Anlässlich ihrer großen Headliner-Tournee durch Europa macht die finnische Power Metal-Band Battle Beast Halt in Leipzig. Hier, im Büro der Chefin der Konzerthalle „Hellraiser“, treffen wir – Jana Stegbauer (DFG Sachsen-Anhalt; JS) und Christina Lehmann (DFG Sachsen; CL) – die charismatische Frontfrau Noora Louhimo (NL) vor ihrem Konzert.
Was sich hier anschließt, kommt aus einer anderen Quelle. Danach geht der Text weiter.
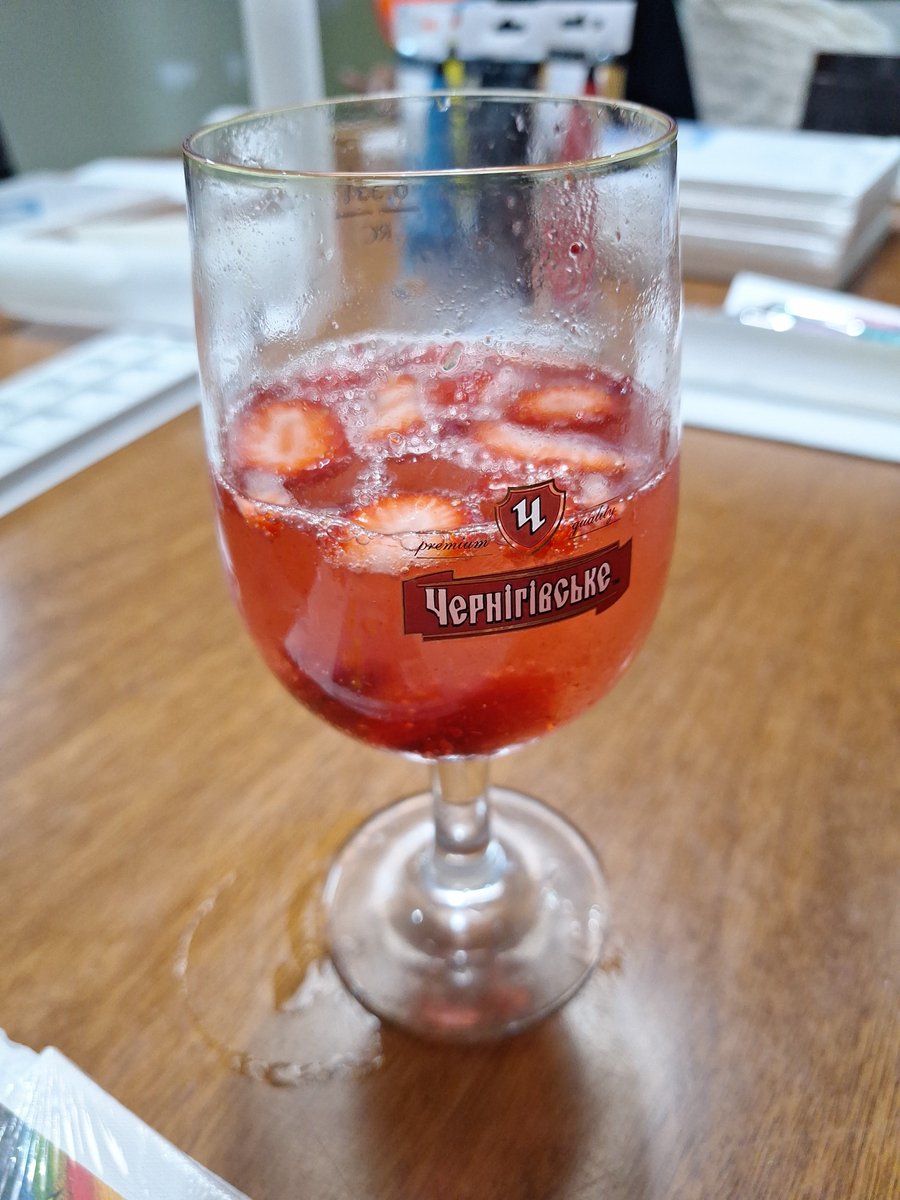 dado ⁷ ✧ VAI VER O BTS! tweet media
Als kleines Geschenk überreichen wir Noora Ausgaben der „Deutsch-Finnischen Rundschau“ sowie der „Revontulet - Nordlicht“, die sie mit Interesse entgegennimmt. Kurz erklärt Jana die Entstehungsgeschichte der DFG und die jährlich stattfindenden Tourneen. Angesichts des knappen Zeitlimits, das uns der Tourmanager aufgrund eines anschließenden Meet-&-Greets mitteilt, steigen wir direkt in das Interview ein.
JS: Wie geht es dir heute? Hattet ihr die Möglichkeit, euch ein wenig die Umgebung anzusehen?
NL: Ja, wie hatten gestern einen Tag frei. Ich hatte das erste Mal überhaupt die Möglichkeit, mir das Stadtzentrum von Leipzig anzusehen. Wir haben in der Vergangenheit schon Auftritte in Leipzig gehabt, besonders im Hellraiser. Seit dem Beginn meiner Karriere bei Battle Beast in 2012, denke ich, waren wir bei jeder Tournee in Europa im Hellraiser in Leipzig. Es hat etwas Nostalgisches, immer wieder hierher an diesen Ort zukommen. Zu Beginn waren wir z.B. Support Act für „Sonata Arctica“, „Powerwolf“ und andere, und haben hier gespielt. Und jetzt spielen wir unsere eigenen Shows. Das Publikum in Deutschland wächst und es ist schön, die Entwicklung im Laufe der Zeit zu sehen.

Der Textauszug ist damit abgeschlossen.